*** Opening of TASK DATA ***

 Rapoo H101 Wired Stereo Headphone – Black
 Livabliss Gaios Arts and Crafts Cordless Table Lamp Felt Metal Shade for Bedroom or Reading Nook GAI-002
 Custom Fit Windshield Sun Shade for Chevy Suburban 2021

*** Close of TASK DATA ***
*** Opening of TASK DATA ***

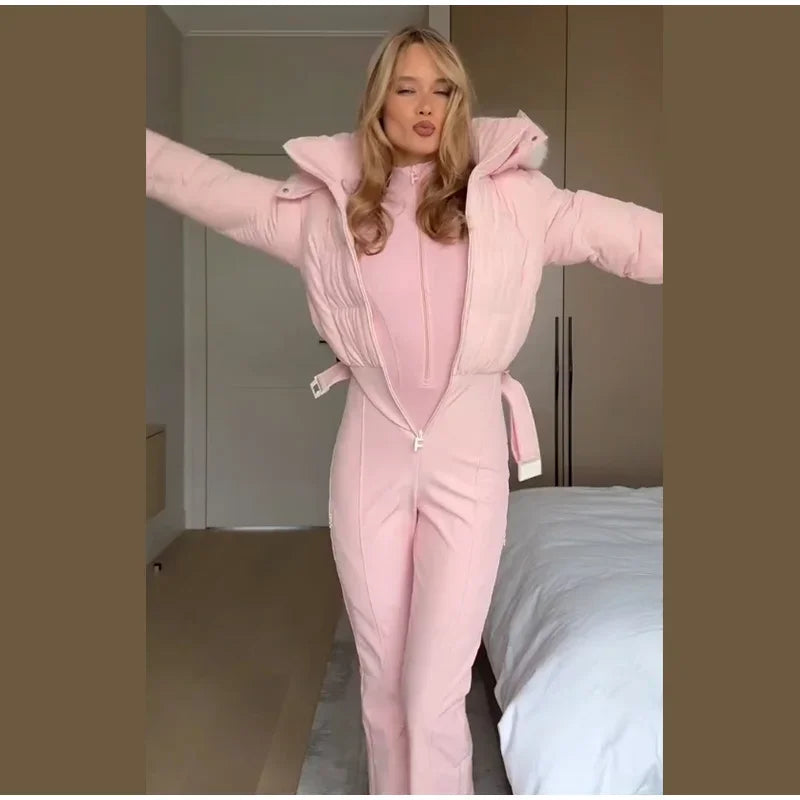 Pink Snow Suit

*** Close of TASK DATA ***

ACTIVITY: The required output is the stretch of entries above from the line containing "Rapoo H101 Wired Stereo Headphone – Black" through the line containing "Custom Fit Windshield", reproduced exactly.

SOLUTION TO THE EXERCISE:
 Rapoo H101 Wired Stereo Headphone – Black
 Livabliss Gaios Arts and Crafts Cordless Table Lamp Felt Metal Shade for Bedroom or Reading Nook GAI-002
 Custom Fit Windshield Sun Shade for Chevy Suburban 2021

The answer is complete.